Exercise
Give again, unaltered, the lines of the listing below that run from the line having "収納ボックスの下には牽引フックやパンク修理キットなどの工具類が入っています" through the line having "Gladiator 2023 3.6L Overland — миниатюра 4".

Data
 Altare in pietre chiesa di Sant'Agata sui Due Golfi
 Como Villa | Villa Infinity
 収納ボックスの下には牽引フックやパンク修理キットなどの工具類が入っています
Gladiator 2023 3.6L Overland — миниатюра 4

--

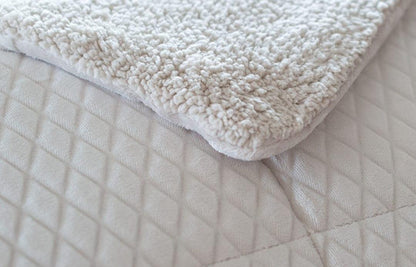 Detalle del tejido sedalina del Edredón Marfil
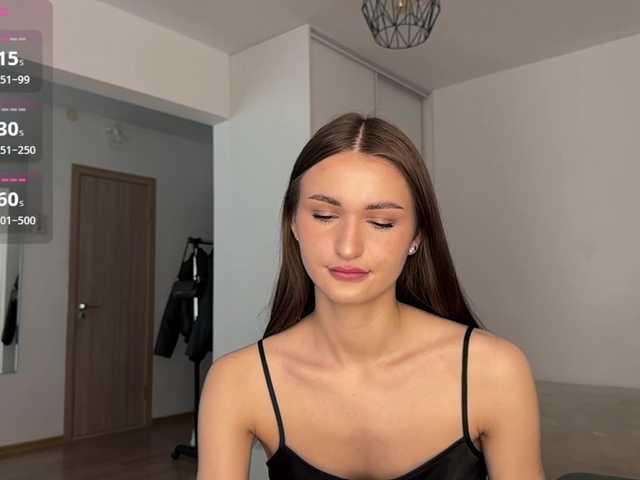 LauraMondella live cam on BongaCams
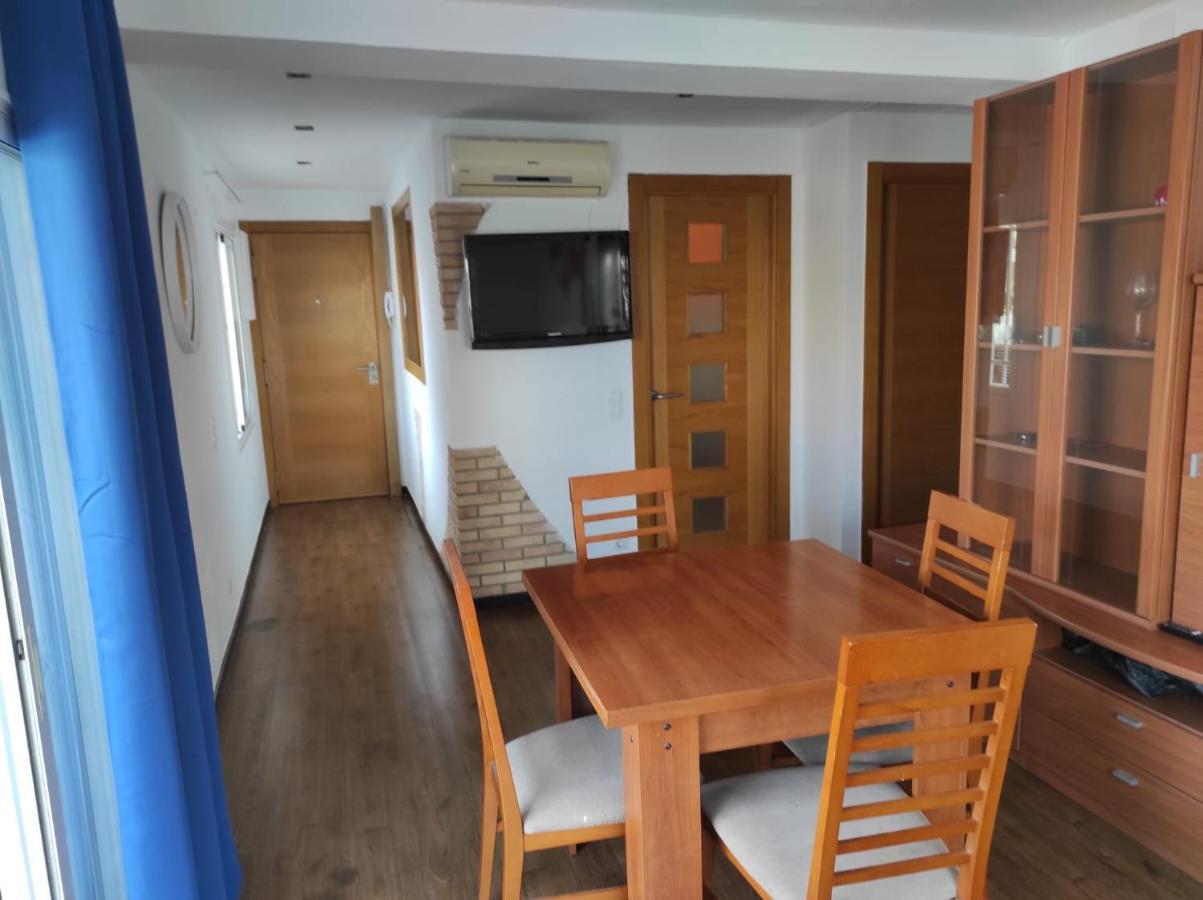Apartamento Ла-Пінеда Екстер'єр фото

Response to the exercise
 収納ボックスの下には牽引フックやパンク修理キットなどの工具類が入っています
Gladiator 2023 3.6L Overland — миниатюра 4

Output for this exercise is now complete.